Hydrometeorological Institute of Montenegro

Agency overview
- Formed: 20 December 1947
- Headquarters: Podgorica, Montenegro
- Website: www.meteo.co.me

= Hydrometeorological Institute of Montenegro =

Hydrometeorological Institute of Montenegro (Montenegrin: Hidrometeorološki zavod Crne Gore or HMZCG) is the national hydrological and meteorological service of Montenegro.

==History==

The first systematic measuring in free Montenegro was conducted on 1 September 1882 in Podgorica and was organized by Dr. Petar Miljanić. The measuring included basic climate elements, atmospheric temperature, precipitation, humidity, atmospheric pressure and wind direction. At the same time, during 1882, meteorological measuring started in towns of Bar and Ulcinj for the maritime purposes. As of 1887, the measuring also started in the towns of Cetinje and Nikšić, and later on in other urban parts of the Principality of Montenegro. A central meteorological service in Montenegro was established in 1931 and was operational until 1941.

Upon adoption of a Decree on Establishment of Hydrometeorological service in Montenegro, the Hydrometeorological Institute started with operations on 20 December 1947 as a governmental agency. Precipitation, maritime, meteorological, climatological, synoptical, agrometeorological and hydrological stations that were controlled by the army fell under the competence of the Hydrometeorological Institute.
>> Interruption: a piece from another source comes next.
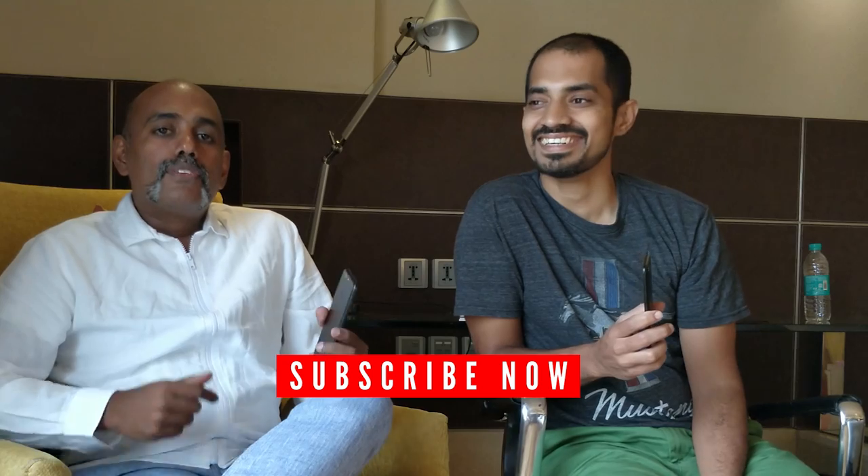Thank you — Nandri. You can subscribe to our channel for more content. If you are subscribed to the channel, you will be able to get all our updates.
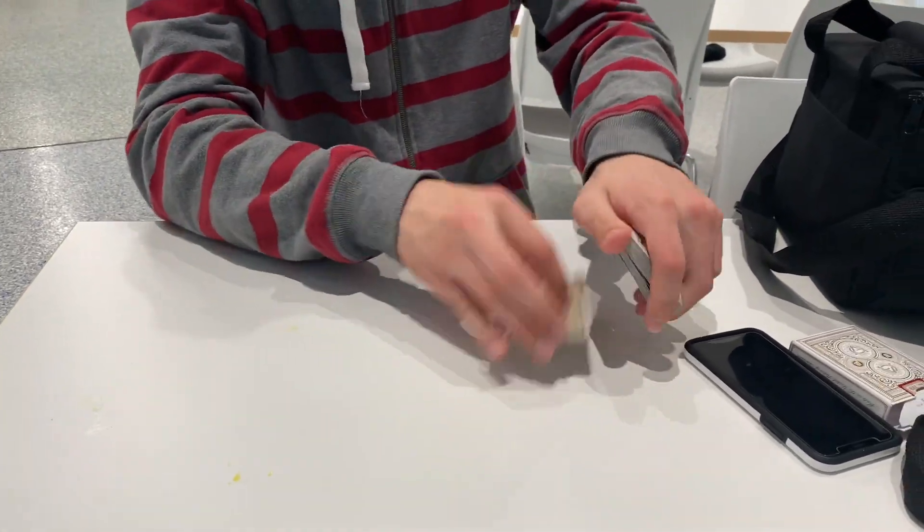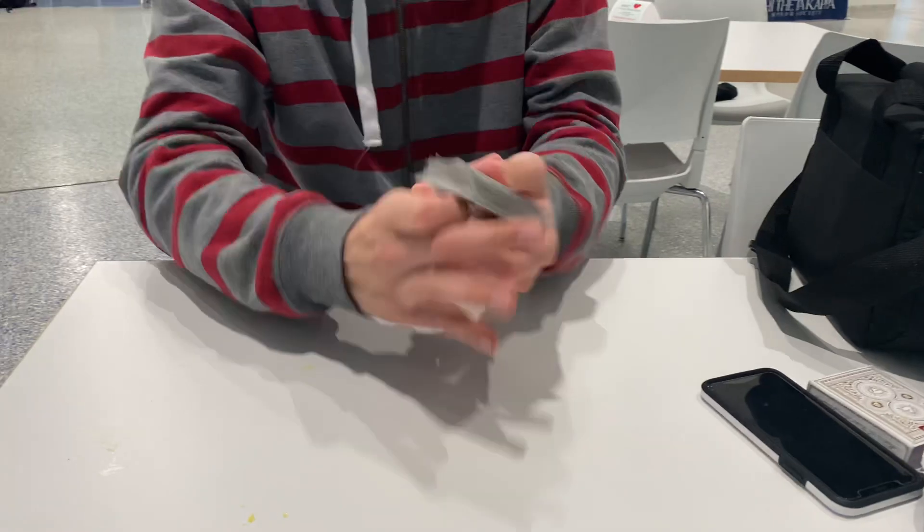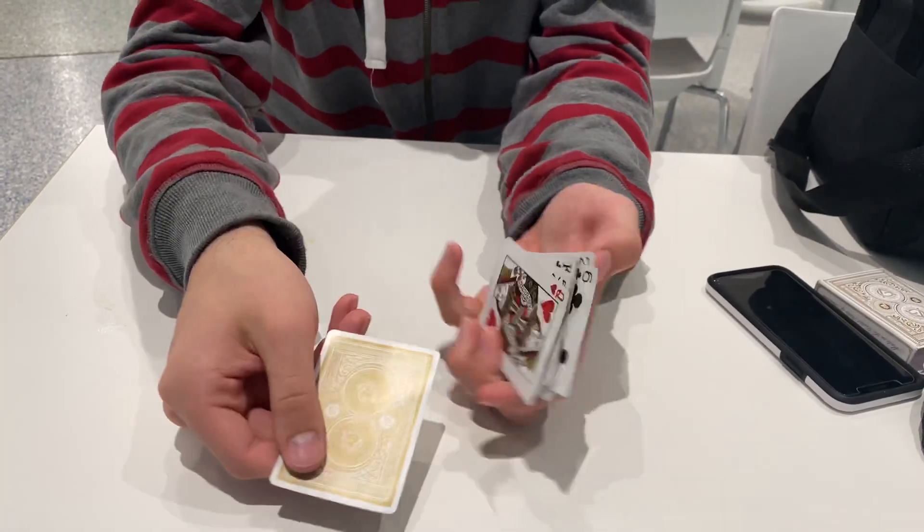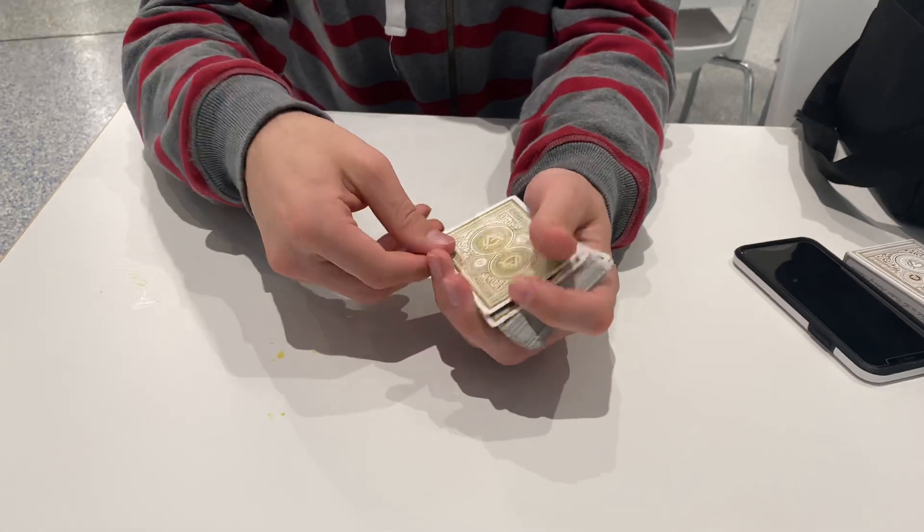Now we'll go ahead and we'll give it a couple cuts like that. And just like that, your card changes face up in the deck. Was this your card? Ace of clubs.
Today, the Hydrometeorological Institute of Montenegro (HMZCG) has been organized in four sectors with 114 full-time employees. In the network of stations including 120 meteorological stations, 40 hydrological stations, 36 water quality stations and 17 air quality stations, there are 49 full-time employees, with over 100 part-time observers being engaged in observing, measuring and collecting of meteorological, hydrological and ecological parameters. 65 employees work in expert units of the Institute in Podgorica.